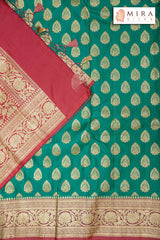 Basil green with coral pink banaras silk sari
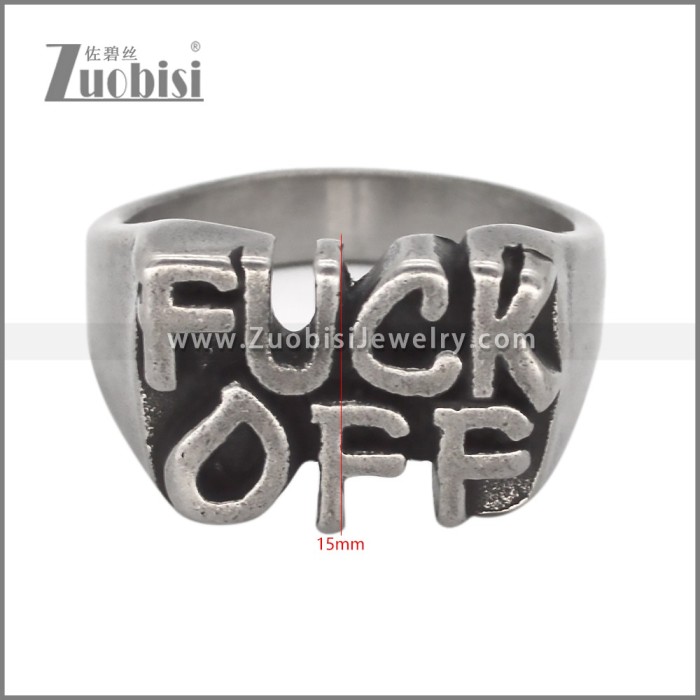 Retro Stainless Steel Fuck Off Ring r010194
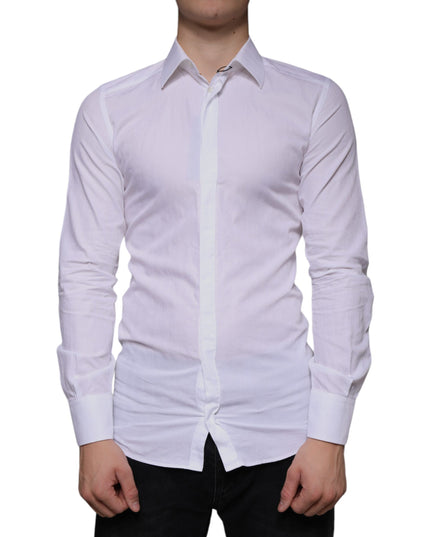 Dolce & Gabbana White Cotton Men Dress GOLD Formal Shirt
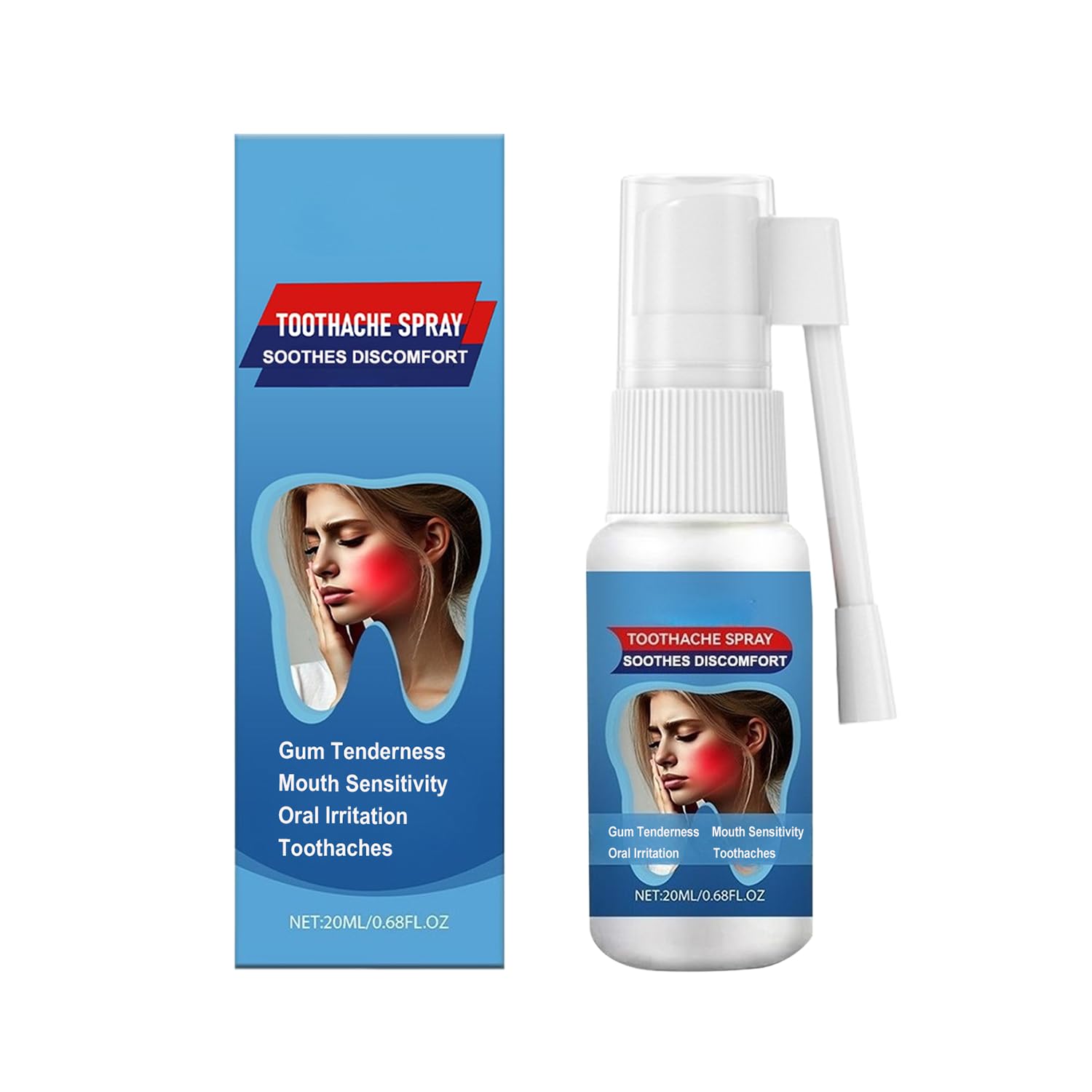 Toothache Relief Spray (0.68FL.OZ) I Mouth Spray Soothes Gum Fast, improves dryness I Gentle Formula, Portable Oral Care for Adults
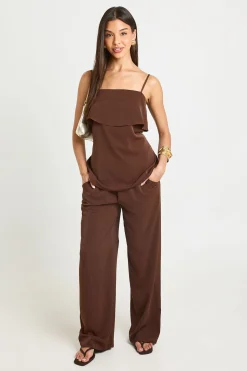 Ensemble Haut Double Épaisseur Encolure Carrée Et Pantalon Coordonné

•••

§ **Required action**: Exact copies of the entries above are needed, with every picture removed.

§ **Answer for the task**:
 Basil green with coral pink banaras silk sari
 Retro Stainless Steel Fuck Off Ring r010194
 Dolce & Gabbana White Cotton Men Dress GOLD Formal Shirt
 Toothache Relief Spray (0.68FL.OZ) I Mouth Spray Soothes Gum Fast, improves dryness I Gentle Formula, Portable Oral Care for Adults
 Ensemble Haut Double Épaisseur Encolure Carrée Et Pantalon Coordonné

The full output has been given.